TASK PROMPT
Begin at the top of the entries below and write out every line through the one containing "Bardot Esra Midi Dress in", excluding pictures.

RECORDS SHOWN
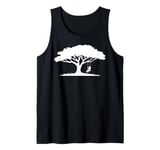 Swing Set Playground Playtime Fun Kids Child Toddler Playful Tank Top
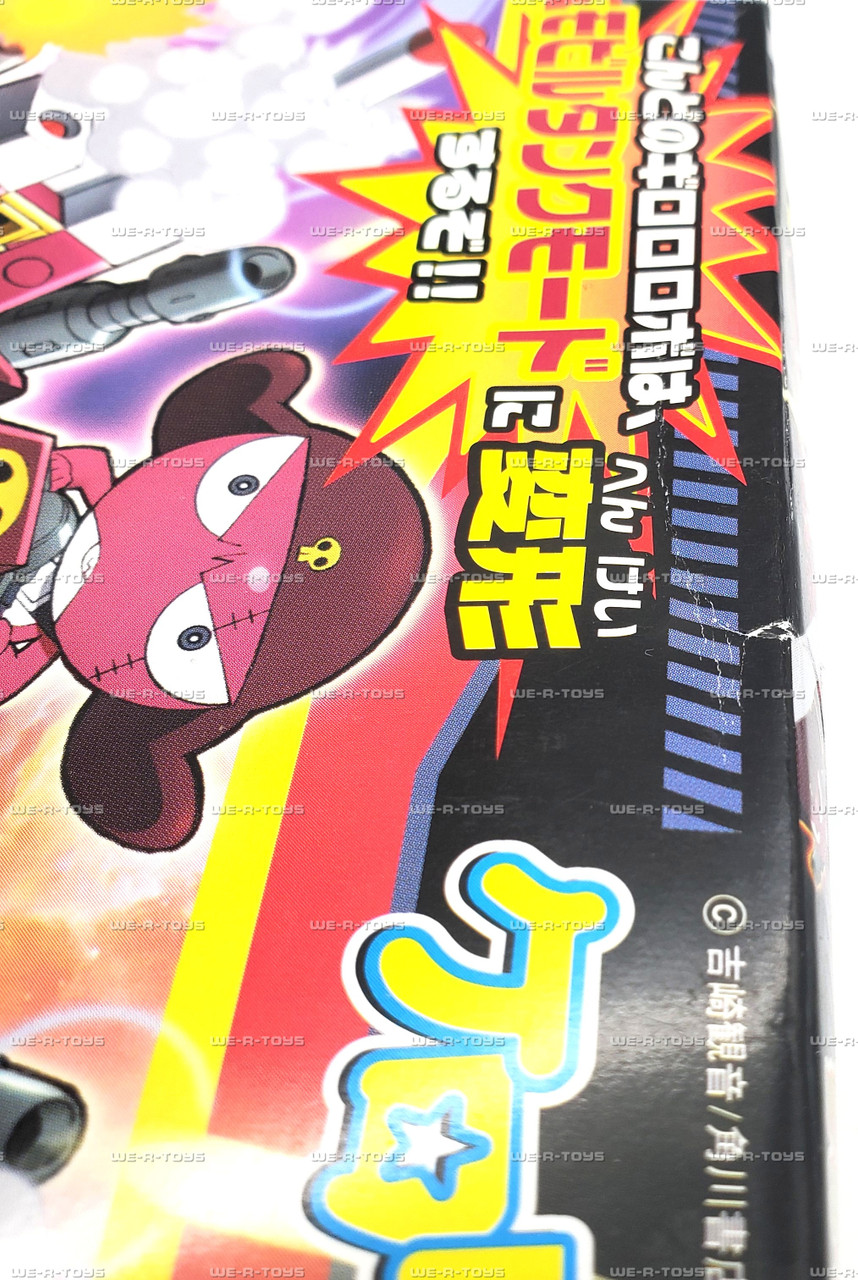 Keroro Gunso Plamo Collection 17 Giroro Robo MK.11 Figure 2007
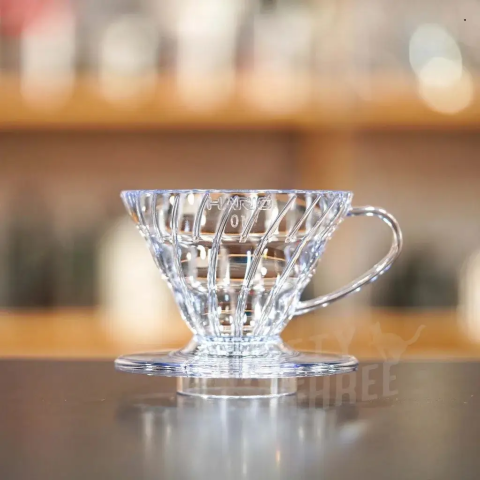 ПУРОВЕР HARIO V60 01 (200 мл) ПОЛІПРОПІЛЕН ПРОЗОРИЙ VD-01T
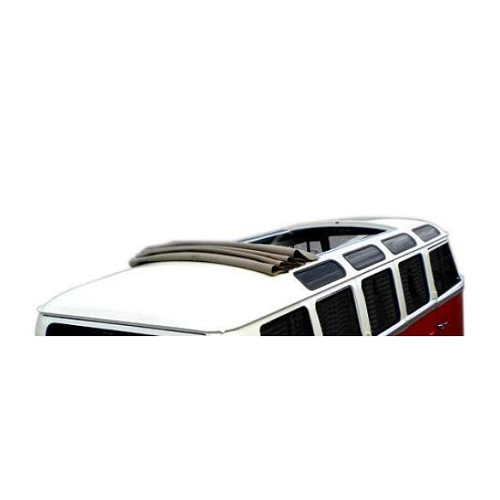  Techo solar para VOLKSWAGEN Combi Split (1950-07/1967) - Blanco Oxford  - KB28002 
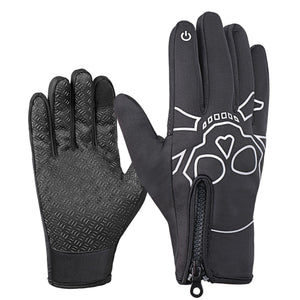 Wrist,Winter,Windproof,Fleece,Lining,Gloves,Touch,screen,Finger,Mountaineering,Skiing,Cycling,Glove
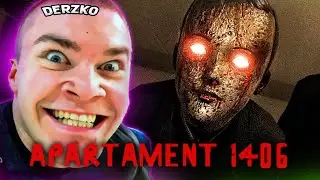 DERZKO69 ИГРАЕТ В ХОРРОР Apartament 1406 НА СТРИМЕ! | ЛУЧШИЕ МОМЕНТЫ СО СТРИМА ДЕРЗКО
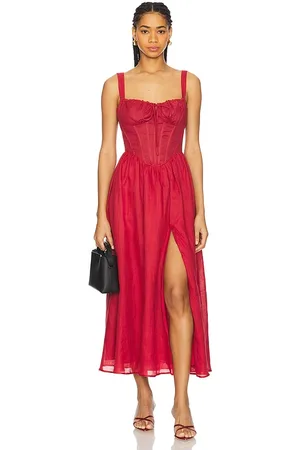 Bardot Esra Midi Dress in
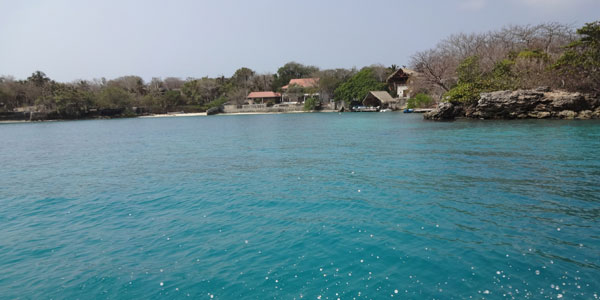 Cartagena: um dia frustrante nas Islas del Rosario (relato da Miriam) 1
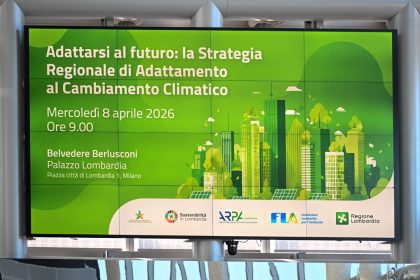 La presentazione della Strategia della Lombardia sull'adattamento al cambiamento climatico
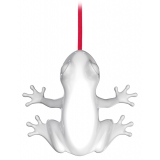 Qeeboo - Hungry Frog Lamp - Opale - Lampadario Qeeboo by Stefano Giovannoni - Illuminazione - Casa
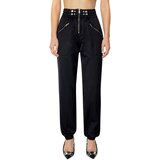 Diesel Trousers - P-AUCUBA TROUSERS black Cene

ANSWER FOR THIS EXERCISE
 Swing Set Playground Playtime Fun Kids Child Toddler Playful Tank Top
 Keroro Gunso Plamo Collection 17 Giroro Robo MK.11 Figure 2007
 ПУРОВЕР HARIO V60 01 (200 мл) ПОЛІПРОПІЛЕН ПРОЗОРИЙ VD-01T
  Techo solar para VOLKSWAGEN Combi Split (1950-07/1967) - Blanco Oxford  - KB28002 
 Wrist,Winter,Windproof,Fleece,Lining,Gloves,Touch,screen,Finger,Mountaineering,Skiing,Cycling,Glove
 DERZKO69 ИГРАЕТ В ХОРРОР Apartament 1406 НА СТРИМЕ! | ЛУЧШИЕ МОМЕНТЫ СО СТРИМА ДЕРЗКО
 Bardot Esra Midi Dress in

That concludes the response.